■ EXERCISE BRIEF ■
The answer must reproduce all of the data below exactly and contain no images.

■ SOURCE DATA ■
----

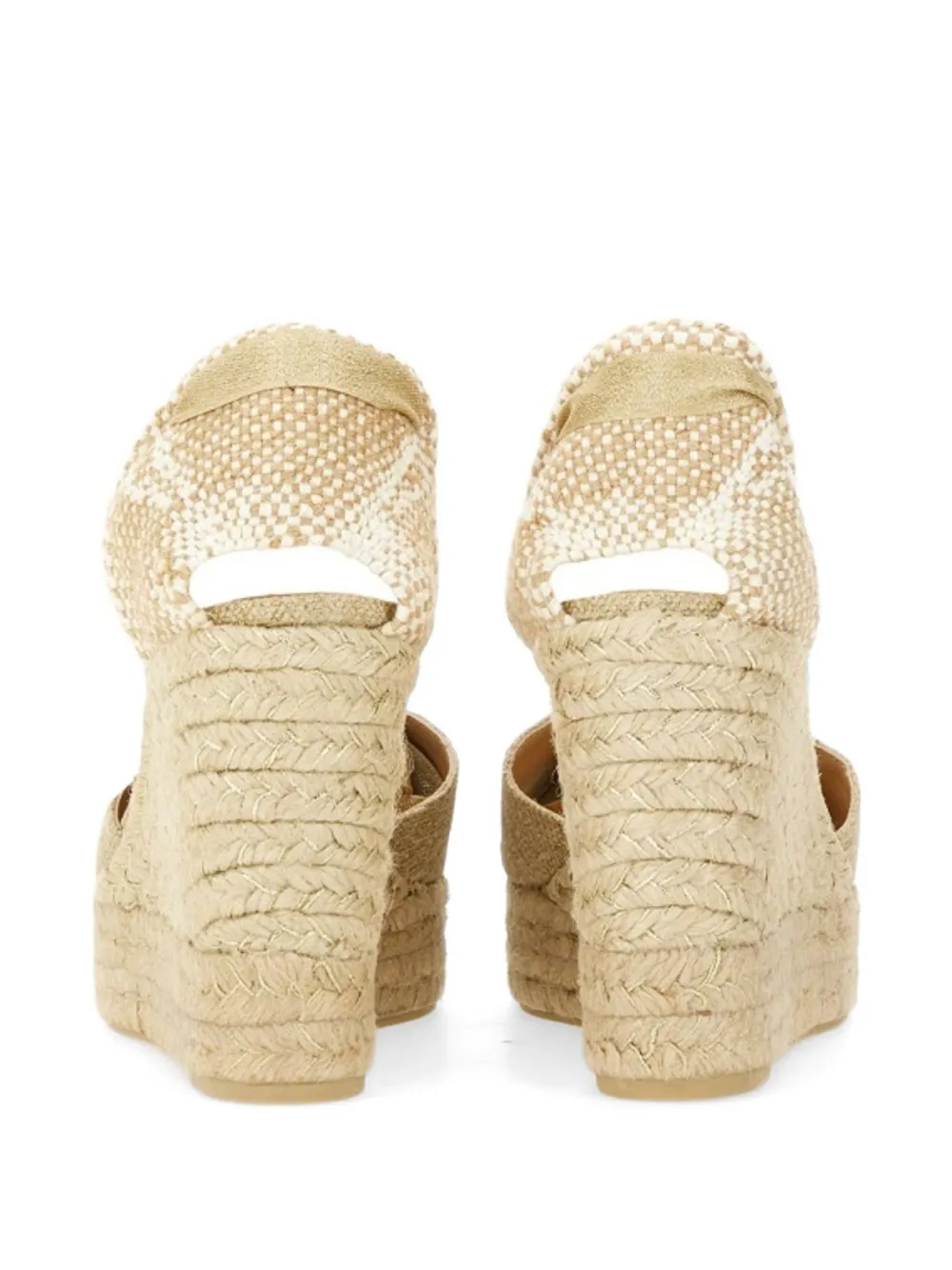 Castañer Chiara espadrilles met hak Beige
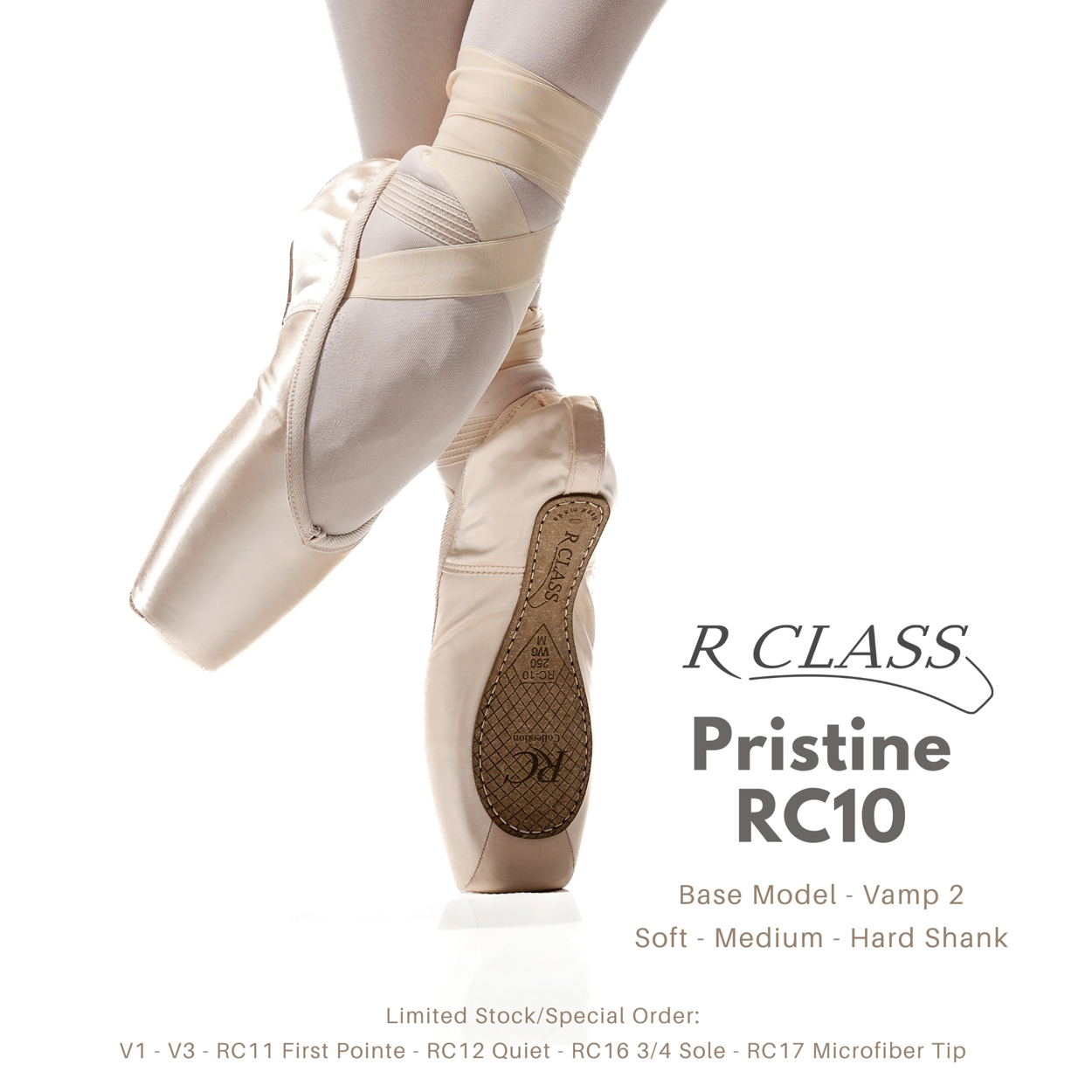 R-Class RC10 Pristine S Vamp 2 Pointe Shoe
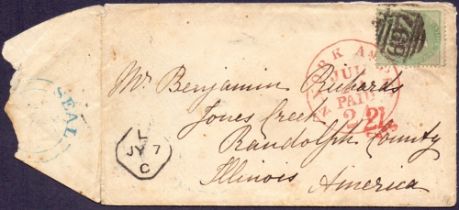 Great Britain Postal History : KENT, 185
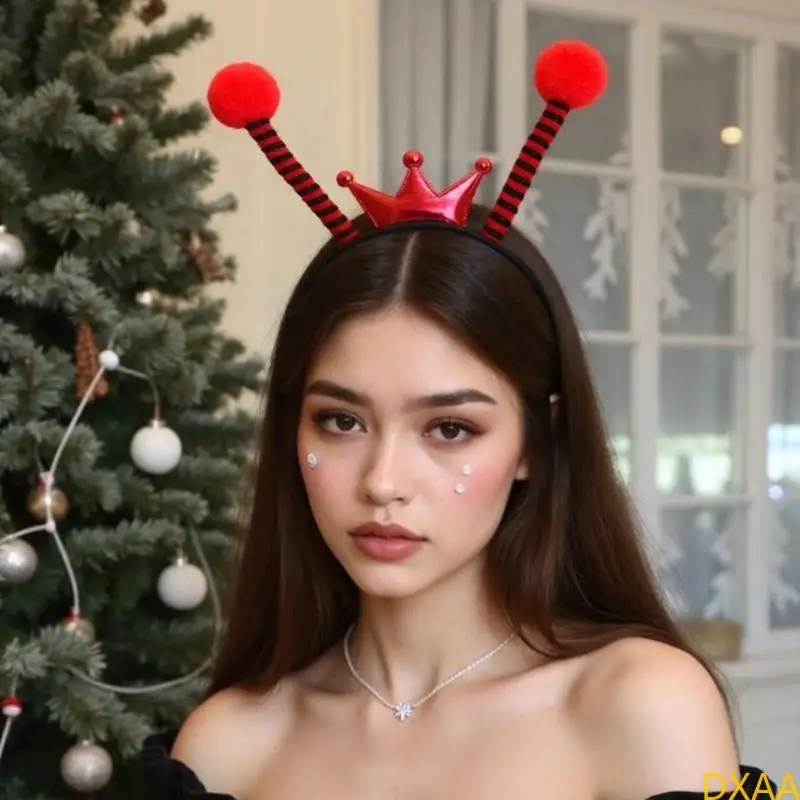 DXAA Bees Ladybugs Gasas Cosplay Falda banda cabeza para niños Halloween para adultos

----

■ EXERCISE RESPONSE ■
 Castañer Chiara espadrilles met hak Beige
 R-Class RC10 Pristine S Vamp 2 Pointe Shoe
 Great Britain Postal History : KENT, 185
 DXAA Bees Ladybugs Gasas Cosplay Falda banda cabeza para niños Halloween para adultos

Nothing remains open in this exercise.